A driveway is more than just a place to park your car. The right driveway material can add considerable curb appeal to your home, increasing its resale value along the way.
Homeowners have many options at their disposal when choosing a driveway material, and the right material for one home may not be the best fit for another. The following is a rundown of popular driveway surfaces and what homeowners can expect of each of them.

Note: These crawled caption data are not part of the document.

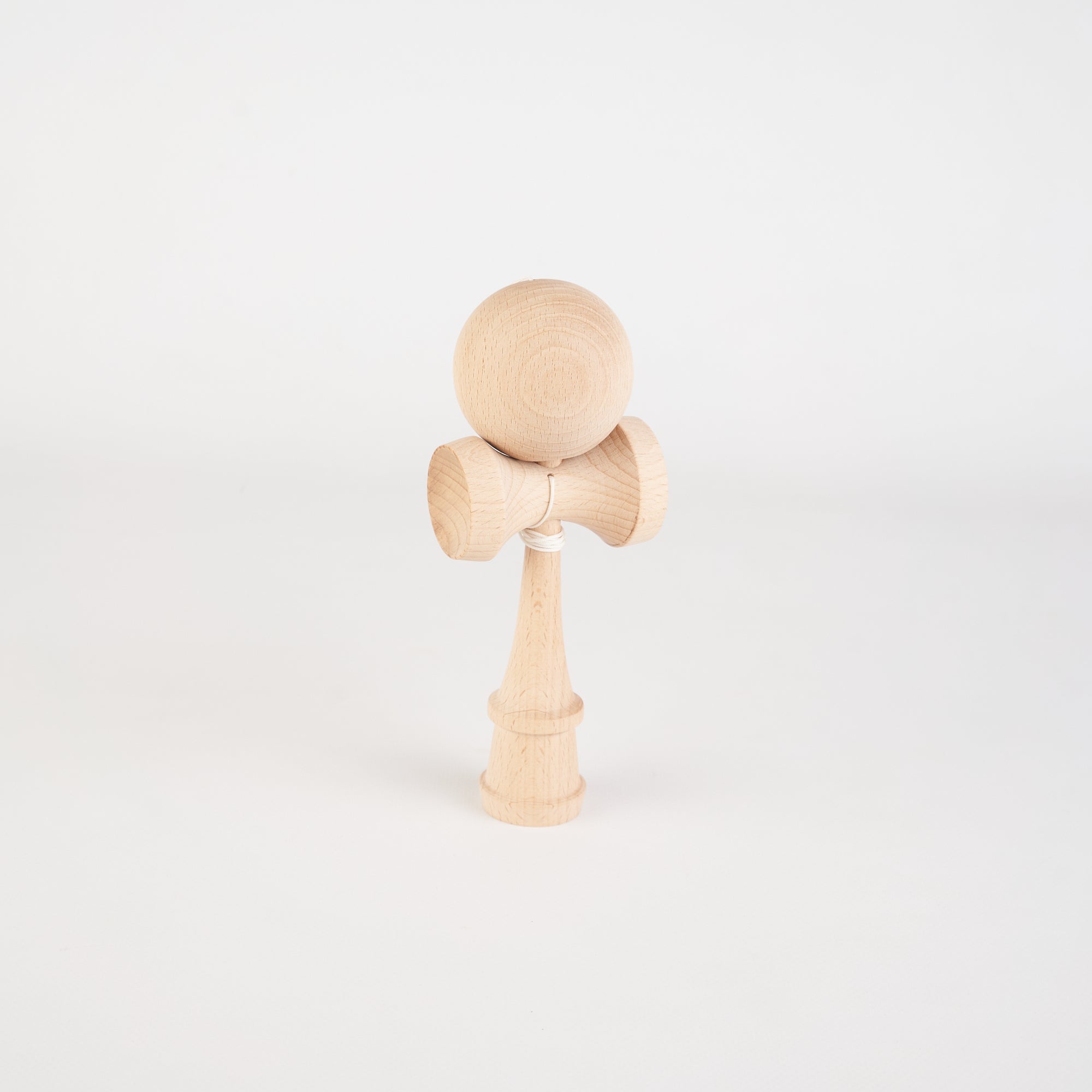 MagicYoYo Kendama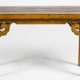 Furniture legs Extenders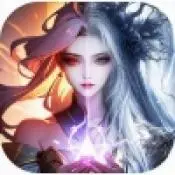 ����ǰ��2026�ٷ�����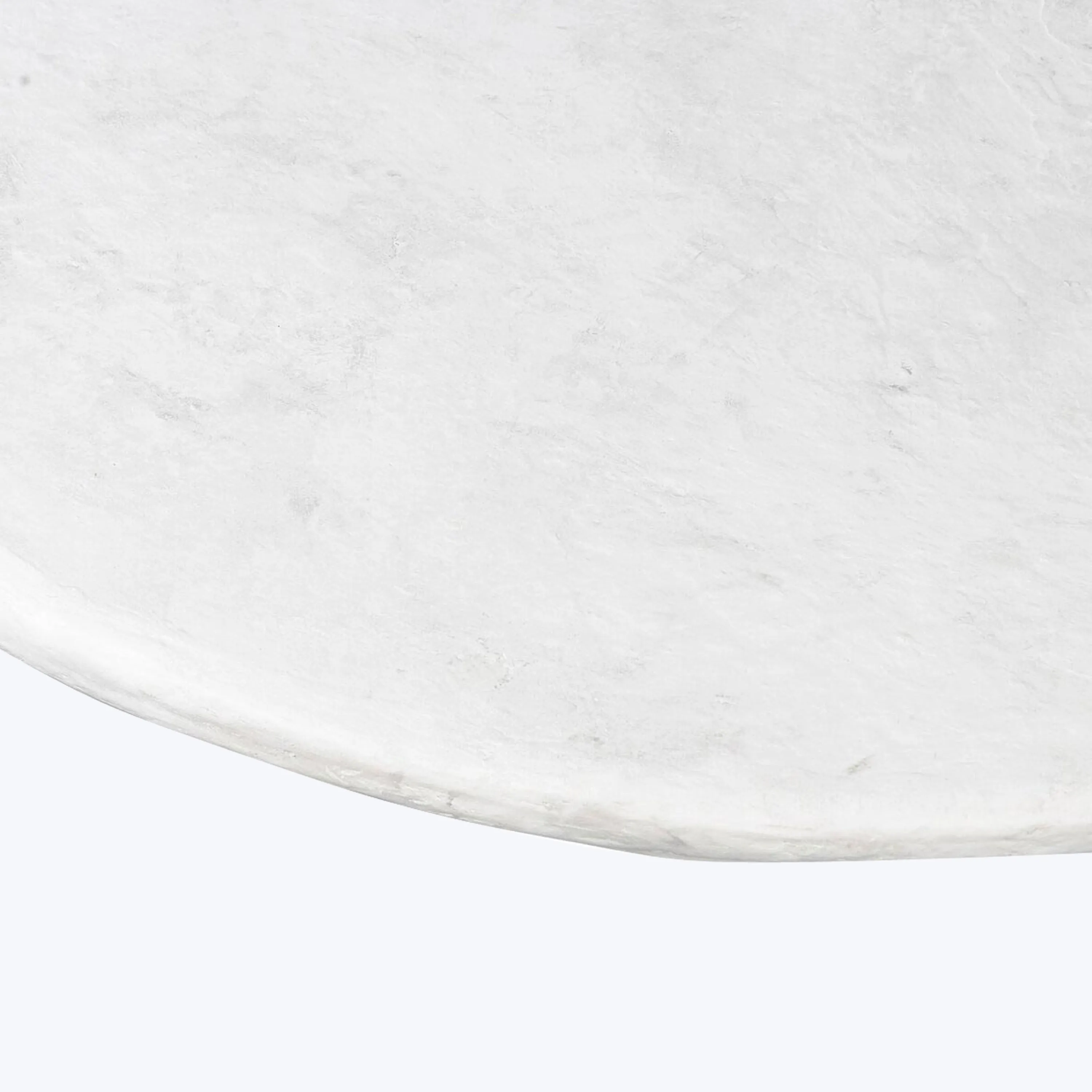 Janice Coffee Table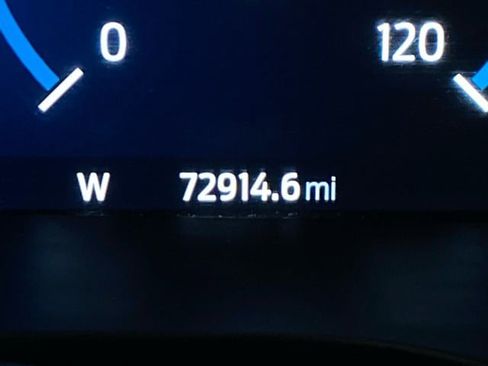 Used 2021 Ford F150 Lariat AWD/4WD image 22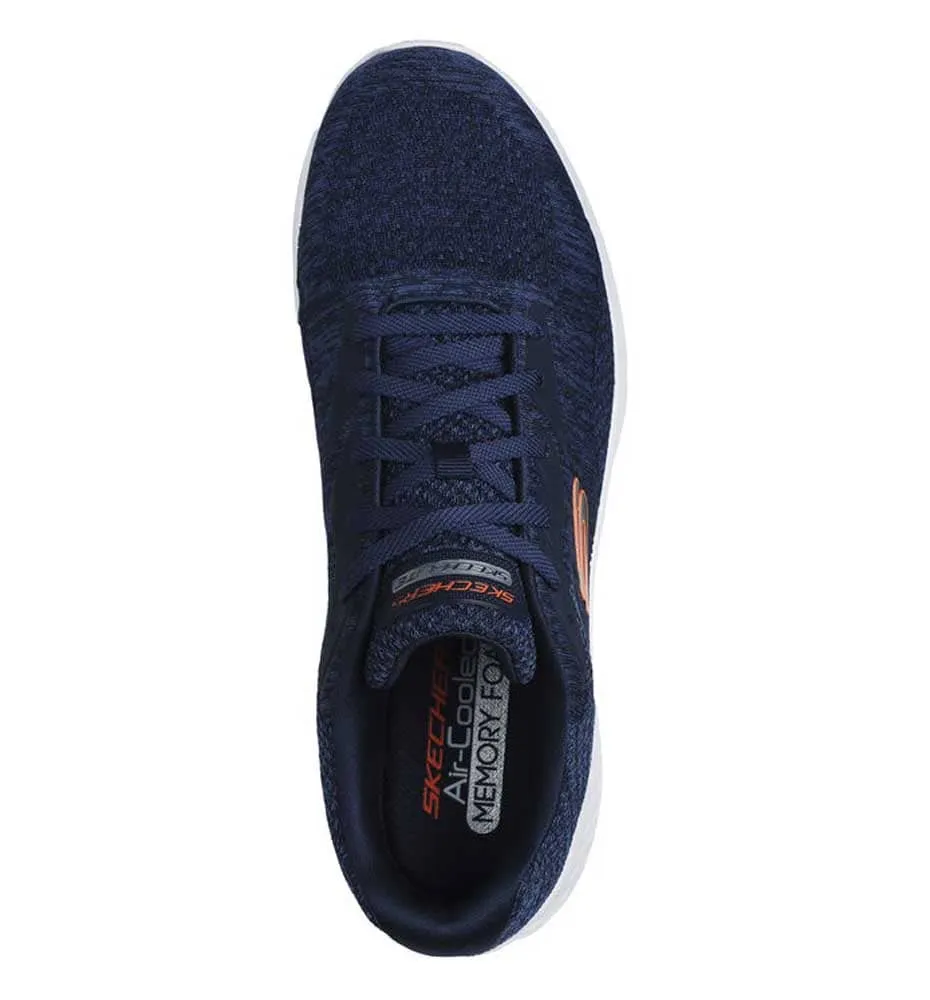 Zapatillas Casual_Hombre_SKECHERS Skech-lite Pro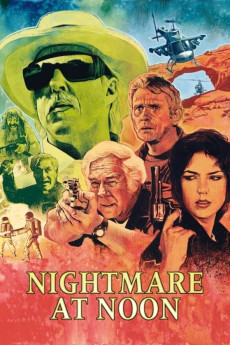 Nightmare at Noon (1988) download
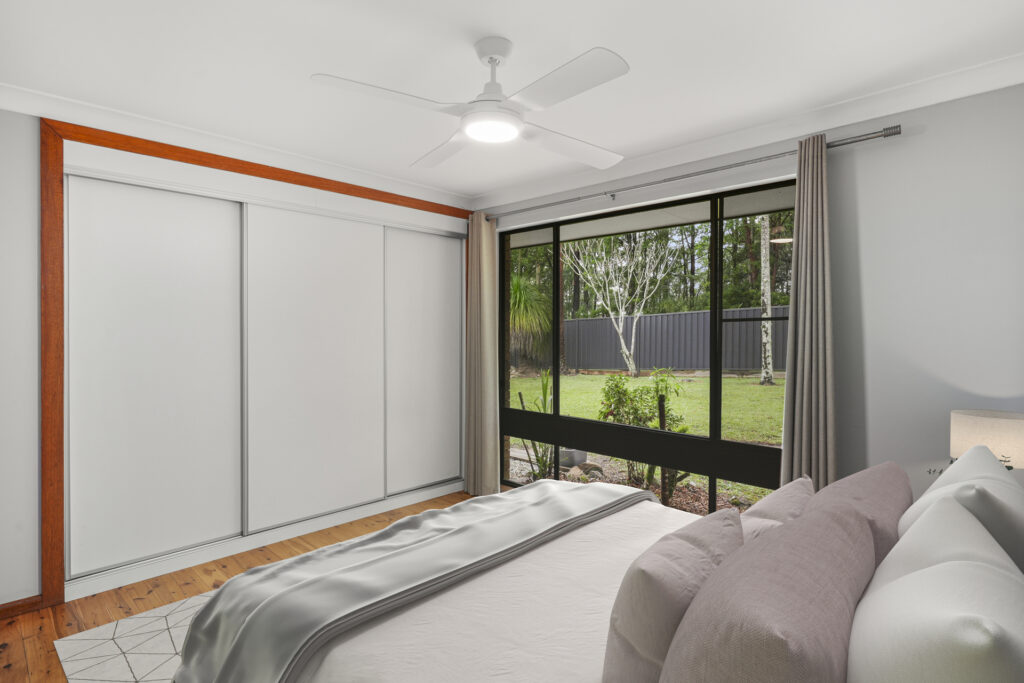Sold - 62 Talarm Road - New Property in Talarm - Real Estate by Ashlee Downton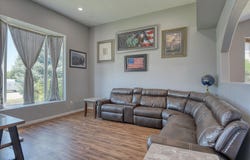 4318 N Upland Ct, Spokane Valley, WA 99216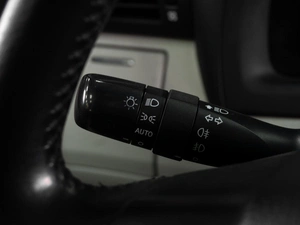 Внедорожник Lexus RX 2011 года, 1999000 рублей, Тюмень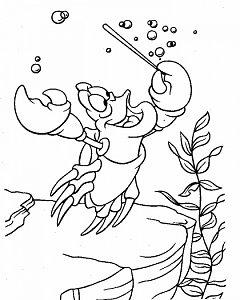 sing-song-coloring-page.jpg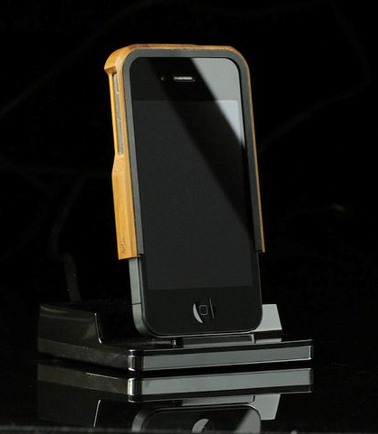 Voiphone49.jpg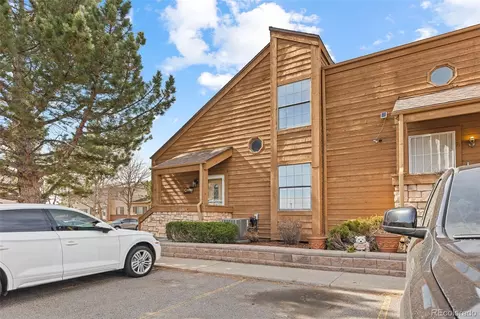 2569 Devonshire Ct #72, Denver, CO 80229 photo 3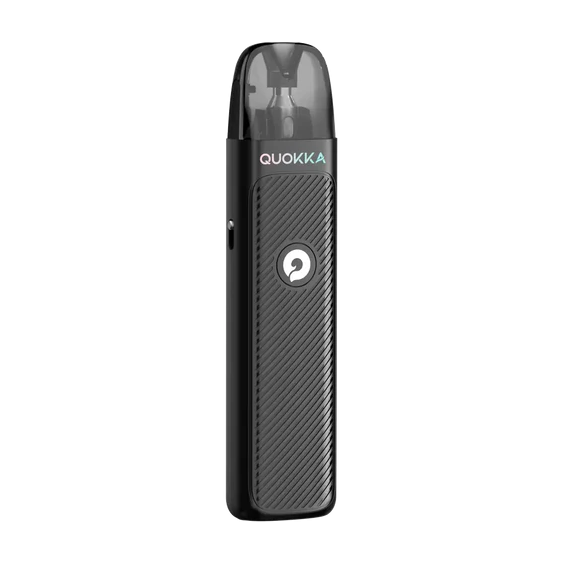 Hayati Quokka Lite Pod Mod | Hayati Hayati Pil Kapasitesi: 1100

Many homeowners believe brick driveways provide the most aesthetic appeal, and it's hard to argue with the beauty of brick driveways and walkways. Brick driveways come in various colors and hues, and many homeowners opt to have the color of their brick driveways match their landscaping, which further adds to curb appeal. But that curb appeal is only appealing if the driveway is designed and installed correctly, and homeowners can expect to pay a premium for that, as brick driveway installation is very labor intensive.
Gravel driveways may not be as commonplace as they once were, but this cost effective driveway material is still an option. Homeowners who live in regions with mild winters without snow might benefit most from gravel driveways, which can be difficult to negotiate when shoveling snow. Gravel tends to be the least expensive driveway material to install, but professionals may recommend that a new top layer of gravel be laid once or twice a year to replace material lost to wind and everyday usage.
Asphalt remains a popular driveway material, thanks in large part to its practicality and ease of installation. Unlike other driveway surface materials, asphalt is available in just one color, black, and that lack of versatility has led many homeowners to consider other options. But asphalt remains an affordable driveway surface material that's relatively easy to repair. Cracks and holes in asphalt are somewhat common, but resealing such blemishes once every three to five years is typically enough to maintain the appearance of an asphalt driveway.
Concrete driveways are popular thanks in large part to their affordability and aesthetic appeal. Concrete can be susceptible to extremely cold weather, but many homeowners prefer concrete because of its versatility. Concrete can be stamped or dyed to provide a unique look, which can increase curb appeal. Concrete can be expensive to maintain, particularly when the material cracks. In addition, gas and oil spills are more noticeable on a concrete surface than other driveway surface materials.
When replacing an existing driveway, homeowners have an array of new surface materials to choose from, and each material has its pros and cons.